## EXTRACTED DATA
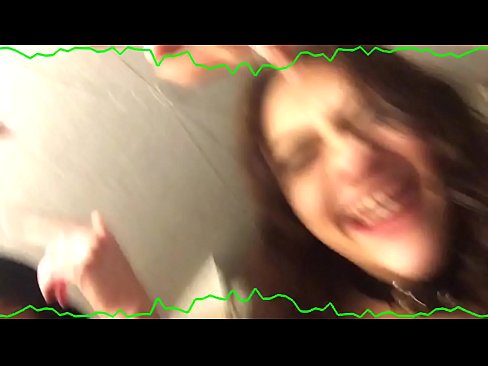 ❤️ Suruali mbili za kihemko za brunette mbili hukaa wanaharamu wa ajabu Ponografia tu ❌❤
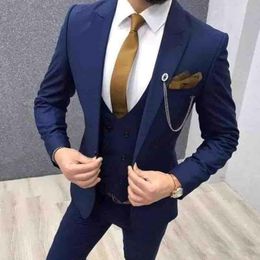 Fashion Navy Blue Groom Tuxedos Peak Lapel Groomsmen Mens Wedding Dress Excellent Man Jacket Blazer 3Piece SuitJacket Pants Vest 243M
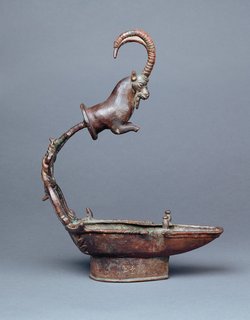 Lampe mit Steinbockprotom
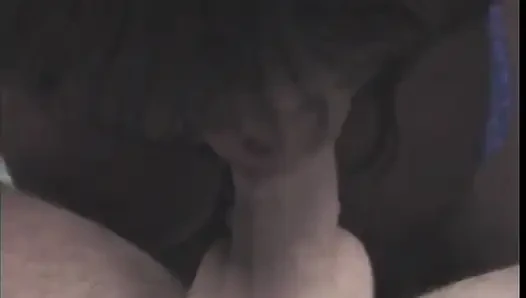 Черная красотка принимает этот большой белый член в ее рот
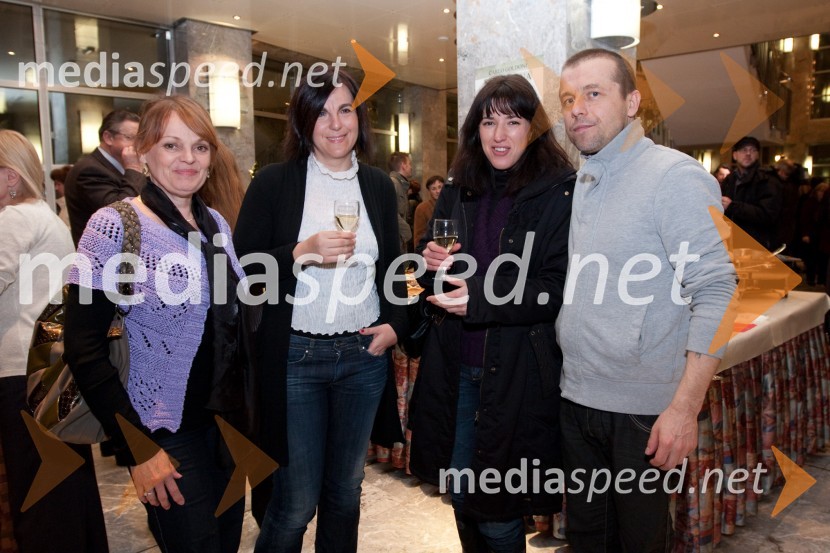 Nevenka Vrančič, igralka, Klavdija Figelj, Anja Medved, filmarka in Vlado HmeljakStriček Vanja, premiera v SNG Nova Gorica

## WHAT IS EXPECTED
Would you copy out the data exactly, leaving every picture out?

## COMPLETED TASK
 ❤️ Suruali mbili za kihemko za brunette mbili hukaa wanaharamu wa ajabu Ponografia tu ❌❤
 Fashion Navy Blue Groom Tuxedos Peak Lapel Groomsmen Mens Wedding Dress Excellent Man Jacket Blazer 3Piece SuitJacket Pants Vest 243M
 Lampe mit Steinbockprotom
 Черная красотка принимает этот большой белый член в ее рот
 Nevenka Vrančič, igralka, Klavdija Figelj, Anja Medved, filmarka in Vlado HmeljakStriček Vanja, premiera v SNG Nova Gorica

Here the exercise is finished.